"Kalau di daerah lain mengeluh cabai mahal, cabai mahal. Itu tidak terjadi di Surabaya, karena kami bisa tanam cabai sendiri, kami bisa menanam sayur sendiri," kata Risma dalam gelaran Indonesia Millenial Summit 2020 di The Tribrata, Jakarta Selatan, Jumat (17/1/2020).
Dengan menjaga stabilitas harga cabai itu, menurut Risma inflasi di Surabaya bisa terkendali. Selain itu, ia juga memberdayakan industri hotel di Surabaya untuk membeli sayur produksi warga kota tersebut.
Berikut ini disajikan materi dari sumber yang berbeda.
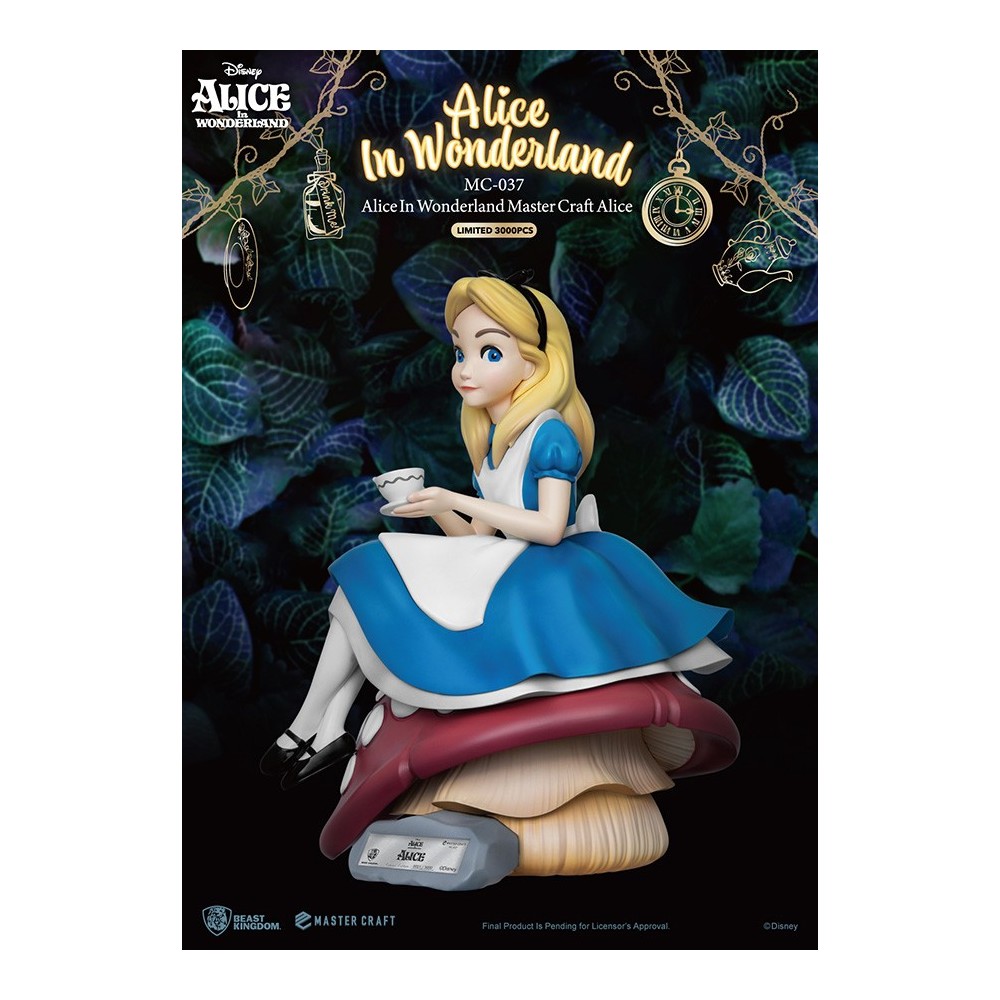 BEAST KINGDOM ALICE IN WONDERLAND STATUE 36CM MASTERCRAFT FIGURE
SCROLL TO CONTINUE WITH CONTENT
"Dan seluruh hotel kami sudah gunakan itu. Jadi warga selain menggunakan untuk sendiri juga mereka jual. Sehingga masyarakat mendapatkan income dari penjualan urban farming tadi," sambungnya.
Keberhasilan tersebut berawal dari cara pengelolaan sampah di Surabaya. Menurutnya, dengan merombak habis cara pengelolaan sampah, sederet hal positif muncul di kota tersebut.
"Masyarakat mengelola dan kemudian mengolah sampah organik menjadi kompos dan sampah anorganiknya mereka jual. Dan kemudian kita ajarkan pula, setelah jadi kompos untuk apa. Kalau tidak laku maka warga kita ajarkan mereka membuat program yang namanya urban farming," jelas Risma.
Pengelolaan sampah ini tak hanya berguna untuk menjadi pupuk kompos, tapi juga kata Risma berdampak signifikan pada kualitas udara di Surabaya.
"Jadi misal tentang pengelolaan sampah, saya tahu bahwa sampah kalau tidak diolah dengan baik, bukannya cuma kota itu menjadi kotor, tapi bahwa juga akan membuat gas metan yang merusak sistem udara di Indonesia khususnya di Surabaya," ucap Risma.
Perlu diketahui, selain program-program pengolahan sampah di atas, Risma juga membuat pembangkit listrik tenaga sampah (PLTSa) di Tempat Pembuangan Akhir (TPA).
"Kami juga skala besar kami mempunyai TPA yang saat ini sudah menjadi 11 megawatt (MW) jadi menghasilkan listrik, kami olah melalui program gasifikasi. Kami tidak gunakan inseminator karena kami punya pengalaman buruk dengan itu. Kemudian kami coba gunakan gasifikasi," pungkasnya.